5. Quinto, el segundo y final acercamiento a la Tierra Prometida (Números 20, 14 a Josué 2, 24).

La nación de Israel era hermano de la nación de Edom, porque el patriarca Israel (también conocido como Jacob), era hermano de Esaú (también conocido como Edom), como se relata en Génesis 25, 19-34.

Todo lo que Moisés pedía a favor de Israel, era el permiso de pasar por el medio.

Ellos no esperaban la provisión de los Edomitas, porque ellos confiaban en YEHOVAH DIOS que proveería todas sus necesidades.

Versos del 18 al 21

Esta era una negación innecesaria. No le hubiera costado nada a Edom y sería un genuino gesto de buena voluntad.

Pero los Edomitas quizás por sospecha o miedo, se negaron.

Esta negación hizo el viaje de los hijos de Israel mucho más desalentador y peligroso (Números 21, 4-5).

Pero parece que no hay registro de YEHOVAH DIOS, castigando a Edom por este pecado.

De hecho, Israel seguía ordenado de tratar al Edomita como hermano (Deuteronomio 23, 7).

YEHOVAH DIOS aquí le muestra a Israel como dejarle a ÉL el juicio de aquellos que te hieren y como amar a aquellos que han actuado como enemigos en tu contra, sobre todo si son hermanos.

Versos del 22 al 29

Aquí un marcador definitivo, indicando el final de los 38 años que Israel ha sido “sentenciado” al desierto.
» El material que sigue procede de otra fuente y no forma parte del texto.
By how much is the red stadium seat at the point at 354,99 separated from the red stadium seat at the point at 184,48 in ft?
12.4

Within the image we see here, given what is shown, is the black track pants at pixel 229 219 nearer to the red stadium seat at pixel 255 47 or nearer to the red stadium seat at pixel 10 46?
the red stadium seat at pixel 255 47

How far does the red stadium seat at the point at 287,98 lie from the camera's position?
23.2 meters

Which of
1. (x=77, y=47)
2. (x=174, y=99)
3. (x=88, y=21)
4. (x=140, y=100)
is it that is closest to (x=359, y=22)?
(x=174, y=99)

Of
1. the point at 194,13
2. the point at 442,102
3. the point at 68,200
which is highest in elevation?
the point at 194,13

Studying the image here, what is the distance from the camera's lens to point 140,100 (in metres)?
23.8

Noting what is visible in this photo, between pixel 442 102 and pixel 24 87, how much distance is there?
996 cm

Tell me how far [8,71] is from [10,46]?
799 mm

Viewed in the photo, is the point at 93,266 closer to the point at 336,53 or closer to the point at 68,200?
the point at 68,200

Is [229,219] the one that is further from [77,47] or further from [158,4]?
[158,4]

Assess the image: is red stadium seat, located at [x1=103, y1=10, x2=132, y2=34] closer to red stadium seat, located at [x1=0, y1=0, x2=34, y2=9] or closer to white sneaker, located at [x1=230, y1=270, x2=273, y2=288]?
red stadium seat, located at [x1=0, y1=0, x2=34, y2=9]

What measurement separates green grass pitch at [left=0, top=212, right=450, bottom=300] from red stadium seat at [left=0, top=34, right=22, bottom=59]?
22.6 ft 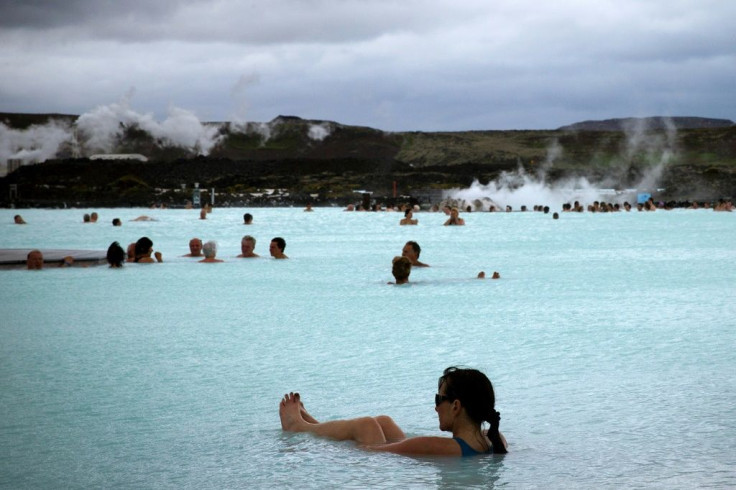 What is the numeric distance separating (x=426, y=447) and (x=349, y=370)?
3.40 metres

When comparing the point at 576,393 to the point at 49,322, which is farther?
the point at 49,322

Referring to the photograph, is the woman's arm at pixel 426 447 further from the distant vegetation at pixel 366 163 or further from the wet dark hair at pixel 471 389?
the distant vegetation at pixel 366 163

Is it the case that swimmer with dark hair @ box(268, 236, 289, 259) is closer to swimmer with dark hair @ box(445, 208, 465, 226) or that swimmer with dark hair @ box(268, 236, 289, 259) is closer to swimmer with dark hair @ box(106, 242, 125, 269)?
swimmer with dark hair @ box(106, 242, 125, 269)

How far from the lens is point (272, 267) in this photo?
19312mm

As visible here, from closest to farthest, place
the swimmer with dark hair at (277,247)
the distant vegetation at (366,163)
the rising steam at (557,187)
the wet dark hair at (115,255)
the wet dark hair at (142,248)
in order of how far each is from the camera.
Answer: the wet dark hair at (115,255)
the wet dark hair at (142,248)
the swimmer with dark hair at (277,247)
the rising steam at (557,187)
the distant vegetation at (366,163)

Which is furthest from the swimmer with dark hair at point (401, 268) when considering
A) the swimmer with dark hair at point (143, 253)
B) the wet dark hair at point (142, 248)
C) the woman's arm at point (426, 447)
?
the woman's arm at point (426, 447)

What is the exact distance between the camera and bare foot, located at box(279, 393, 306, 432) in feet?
19.0

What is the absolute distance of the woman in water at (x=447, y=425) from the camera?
4.77 metres

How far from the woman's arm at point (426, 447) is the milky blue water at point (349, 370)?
0.17ft

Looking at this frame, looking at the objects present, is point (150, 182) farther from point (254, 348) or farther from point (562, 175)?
point (254, 348)

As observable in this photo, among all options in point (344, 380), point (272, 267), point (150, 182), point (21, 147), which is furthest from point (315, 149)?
point (344, 380)

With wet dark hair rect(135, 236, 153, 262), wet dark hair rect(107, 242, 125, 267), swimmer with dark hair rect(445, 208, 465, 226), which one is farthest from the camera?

Números 33, 38 nos dice Aarón… allí murió a los cuarenta años de la salida de los hijos de Israel de la tierra de Egipto.

Están comprimidos en solo cinco (5) capítulos y medio, mientras que el año en el Monte Sinaí se le dan casi cincuenta (50) capítulos.

Era para demostrar que estos años no completaron nada, excepto la muerte de la generación incrédula.

Estos solo fueron años de sobrevivir en el desierto, años malgastados, esperando para que el “viejo hombre” muriera.

Durante estos 38 años hubo mucho movimiento, pero no progreso. Nuestro caminar con YEHOVAH DIOS puede ser de la misma manera.

La muerte de Aarón es un gran punto de referencia en la historia de Israel, él fue el primer Sumo Sacerdote de la nación.

Sin embargo, no fue exento del decreto de que esta generación perecería en el desierto.

Moisés, quién representaba la “Ley”, no pudo guiarlos dentro de la Tierra Prometida.

María, quién representaba a los “Profetas”, no pudo guiarlos dentro de la Tierra Prometida.

Aarón, quién representaba a los “Sacerdotes”, no pudo guiarlos dentro de la Tierra Prometida.

Sólo Josué, que es literalmente “Yeshúa”, podía guiarlos dentro de la tierra de la Promesa de YEHOVAH DIOS.

Aarón murió como una gran y compleja figura, incluso más que María. Él fue usado poderosamente por YEHOVAH DIOS, como el compañero de Moisés (Éxodo 4, 27-31).

Con Aarón se inicia el Sacerdocio (Levítico 8) e imploraba con Moisés por el pueblo (Números capítulos 16 y 17).

Al mismo tiempo jugó un papel decisivo en el grotesco fiasco del “becerro de oro” en Éxodo 32 y en desafiar la autoridad de Moisés con su hermana María (Números 12).

La vida de Aarón nos muestra, entre otras cosas, que el oficio es más importante que el hombre en sí.

Aarón el hombre no siempre era digno de respeto, pero Aarón el Sumo Sacerdote siempre era digno de honor.

YEHOVAH DIOS dio una advertencia especial acerca de la muerte de Aarón, para que una suave y agraciada transición pudiera hacerse al pasar la posición de Sumo Sacerdote al hijo mayor que vivía de Aarón, Eleazar.

El hombre muere, pero el Sacerdocio, acceso y relación con YEHOVAH DIOS continua.

La relación de YEHOVAH DIOS con Israel no iba a depender de Aarón, sino del Sumo Sacerdote, quien sea que fuere.

El creador ha asegurado que siempre habrá un Sumo Sacerdote para nosotros al cual venir en Yeshúa Ha Mashiaj (Hebreos 4, 14-16).

Nosotros, necesitamos no depender de ningún hombre, para nuestra relación con YEHOVAH DIOS.